**PROVIDED RECORDS**

━━━

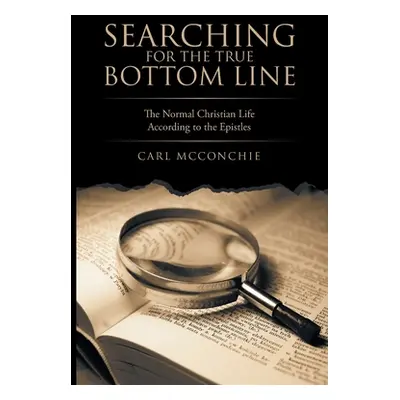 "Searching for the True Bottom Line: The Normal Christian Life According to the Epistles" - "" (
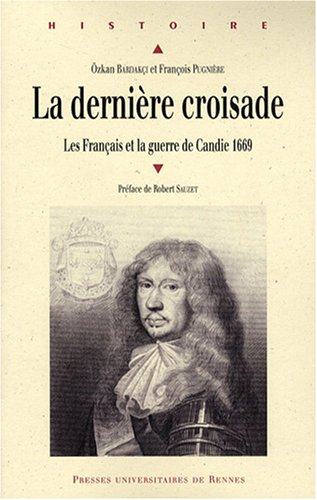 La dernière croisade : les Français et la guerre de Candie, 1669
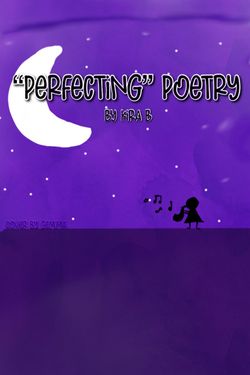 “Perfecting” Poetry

━━━

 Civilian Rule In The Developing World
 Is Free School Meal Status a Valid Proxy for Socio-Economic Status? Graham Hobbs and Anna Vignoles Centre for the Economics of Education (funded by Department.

━━━

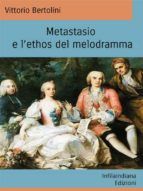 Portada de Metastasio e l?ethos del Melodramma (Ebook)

━━━

What you give back should be exactly the lines of the data above from the line with "Civilian Rule In The Developing World" through the line with "Is Free School", both of those included, and nothing more.

**SOLUTION FOR THIS PROBLEM**
 Civilian Rule In The Developing World
 Is Free School Meal Status a Valid Proxy for Socio-Economic Status? Graham Hobbs and Anna Vignoles Centre for the Economics of Education (funded by Department.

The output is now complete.